12 September 2022

Bogue Sound

Bogue Sound, at the southern end of North Carolina's Outer Banks (a chain of barrier islands), is a kind of lagoon. It's a body of salt water that's about 25 miles long and between about 2½ miles wide as its widest point. The waters of the sound are protected from ocean waves and currents by the barrier island called Bogue Banks. Here's a link to a map.

At each end of the sound there's an inlet that lets salt water flow in and out of the sound with the rhythm of the tides.
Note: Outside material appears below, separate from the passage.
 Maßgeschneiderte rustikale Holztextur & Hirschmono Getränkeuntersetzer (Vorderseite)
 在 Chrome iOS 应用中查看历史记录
There's als. a bridge at each end of the sound linking the barrier island to the mainland.

This kind of bridge lets yachts and smaller boats ply the waters of the sound without impeding car and truck traffic traveling back and forth between the island and the mainland. This is the bridge that links Morehead City to the resort town of Atlantic Beach on Bogue Banks.

Don't be misled by the size of this ship. It's in port at Morehead, having passed through Beaufort Inlet onto the calmer waters of the very eastern end of the sound, where it meets the inlet. The N.C. sounds are not naturally very deep but a channel deep enough for fairly large boats has been dredged through them. It's known as the Intracoastal Waterway and runs from New York to Florida. Before the dredging, I'm sure it was possible to walk across Bogue Sound at very low tide.
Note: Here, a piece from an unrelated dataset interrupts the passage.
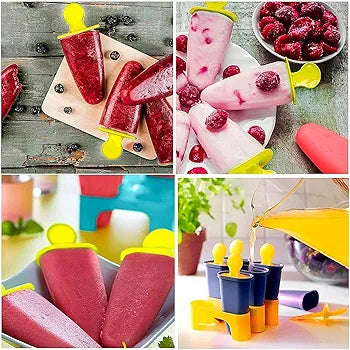 Plastic Ice Candy Maker Kulfi Maker Moulds Set With 6 Cups (Multicolour)
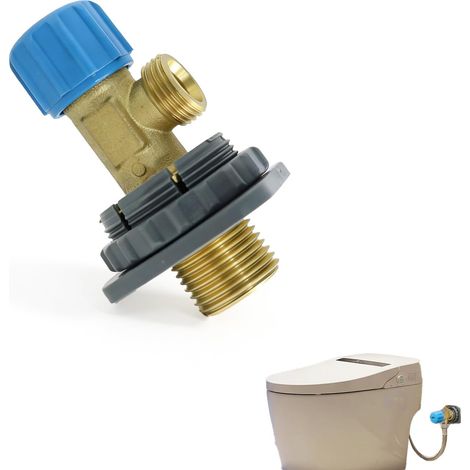 Vanne d'arrêt pour réservoir de toilette encastrée, pièce de rechange pour réservoir WC, 3/8 pouce, vanne d'angle compatible avec raccords, références K12088,240.189/269/752.001, 1 pièce (1/5)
The waters of the sound can get choppy when the wind is blowing. In this last photo, you see the big houses along the north shore of Bogue sound in Morehead. The word "sound" in this sense, by the way, derives from the Anglo-Saxon and Old Norse term sund, which was the name for a narrow body of water, as a lagoon protected by a barrier island, or a strait or inlet. Don't ask me where the name Bogue came from. There's a fish called a bogue but it lives in European waters. Maybe the first European settlers saw fish in North Carolina waters that resembled the bogues they knew in the Old World. In French, une bogue is the spiny husk of the chestnut.

7 comments:

  1. Oh, so that's where a sound comes from for a body of water like this!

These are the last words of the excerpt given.